DIRECTIONS FOR THIS TASK :: With both ends included, repeat exactly the lines of the entries below from the one containing "WATCH: The Jonas" down to the one containing "Live cam show", and no others.

RECORDS SUPPLIED ::

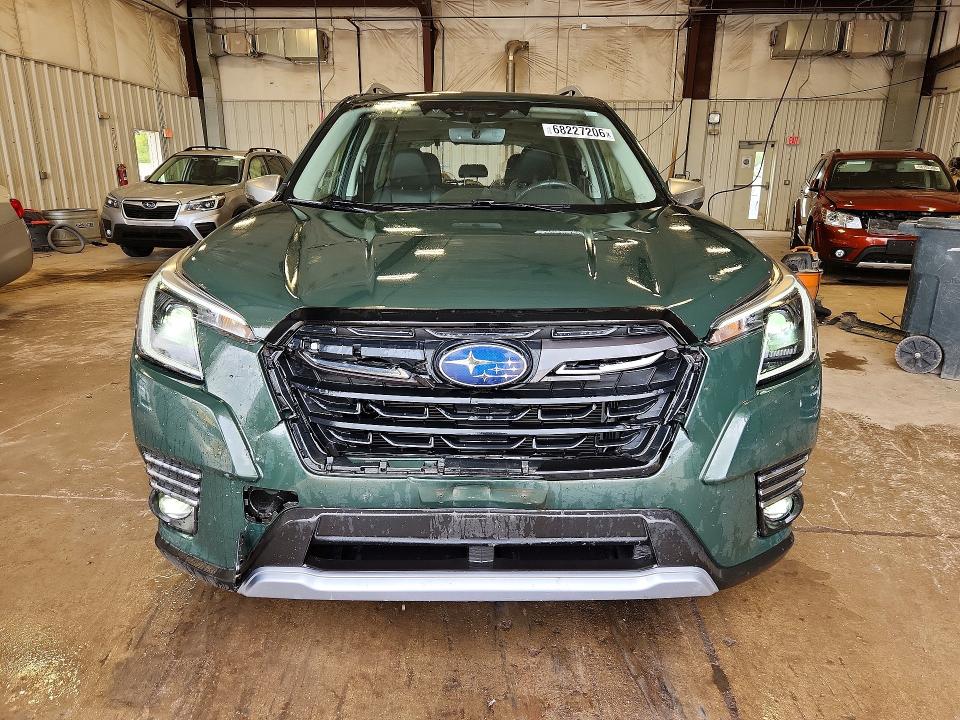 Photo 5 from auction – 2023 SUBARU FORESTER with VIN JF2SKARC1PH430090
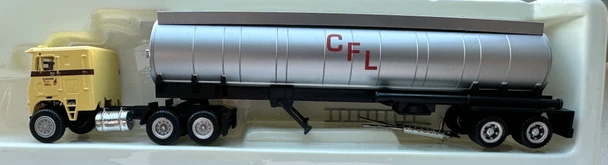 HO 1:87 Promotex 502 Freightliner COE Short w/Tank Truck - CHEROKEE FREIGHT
...
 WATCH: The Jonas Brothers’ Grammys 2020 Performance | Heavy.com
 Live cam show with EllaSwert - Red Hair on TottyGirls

ANSWER TO THE PROBLEM ::
 WATCH: The Jonas Brothers’ Grammys 2020 Performance | Heavy.com
 Live cam show with EllaSwert - Red Hair on TottyGirls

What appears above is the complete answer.